Home Energy Management with or without an Advanced Metering Infrastructure - Part 2
According to Parks Associates, approximately 45% of all U.S. households will be served by smart meters by the end of 2015. As few as 10% of those meters, however, will be enabled for two-way communications between a home area network (HAN) and the utility's back-end processing system. Other analysts predict more or less smart meter penetration and HAN capabilities, but the result is the same: Effective residential demand response programs require two-way, near-real-time communications to provide system operators with the ability to monitor demand response actions, just as they do with conventional generation.
Fortunately, there already exists a ubiquitous, reliable and secure two-way data communications network suitable for DR that is available in every utility's service area to virtually every home and is already installed in the U.S. in 63% of them: the Internet. The penetration in larger residences with the highest potential return on the DR investment is even greater. And broadband penetration will only continue to increase as digital subscriber line (DSL), cable modem, third- or fourth-generation (3G/4G) cellular communications, and satellite services are expanded, and competition among these alternatives lowers subscription rates.
All that is needed for utilities to take advantage of the Internet is a dedicated gateway, as shown in Figure 2. The gateway provides continuous two-way communications between the utility and the consumer's home energy management system devices, such as a programmable communicating thermostat (PCT) or an in-home display (IHD). The gateway establishes a secure "service entrance" into the home by connecting both to the broadband modem (via Ethernet) and to the ZigBee, Wi-Fi or other HAN. The gateway is configured for secure, encrypted communications between the utility's DR application and the in-premises system, whether a PCT and/or IHD, and if the utility chooses, optional direct load control, enabling these loads to receive dynamic pricing or direct command and control signals.

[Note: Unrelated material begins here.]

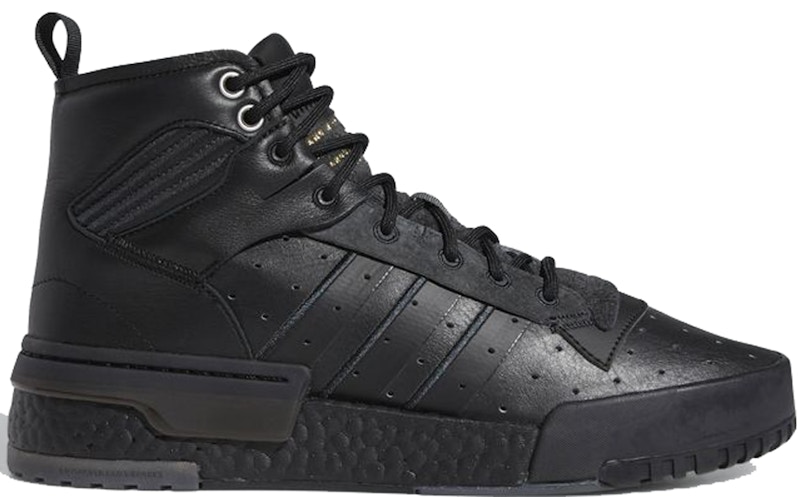 adidas rivalry rm core black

Figure 2: Shown here is a wireless ZigBee HAN served by both a broadband Internet gateway and an AMI network. Note the ability to control other loads, including the charging of electric vehicles, which will be supported in future versions of SEP.

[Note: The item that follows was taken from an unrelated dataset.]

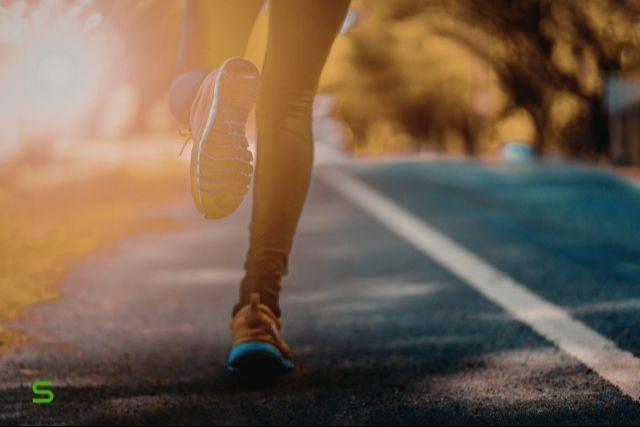 MOVE - Szombathely Sunset Run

Astute readers may be wondering what happens when a home has both a utility-provided smart meter and a consumer- or utility-provided Internet-HAN gateway? The latest version of SEP 1.1 (technically version 1.1.1) includes a provision for more than one Energy Service Interface (ESI), which is the gateways into the HAN. With SEP, in addition to the gateway function, each network must also have trust center and network coordinator functions; the smart meter (the point of demarcation between the utility and the premises) normally provides all three functions. Support for multiple ESIs enables the trust center function to have different gateways into the same HAN in a secure fashion, thereby changing the HAN from a utility's AMI-limited interface into a robust consumer platform that preserves the integrity of the utility's program while enabling shared control with the consumer. The main advantage for the utility of having an Internet gateway is the ability to implement additional applications, particularly those requiring higher bandwidth than the AMI supports.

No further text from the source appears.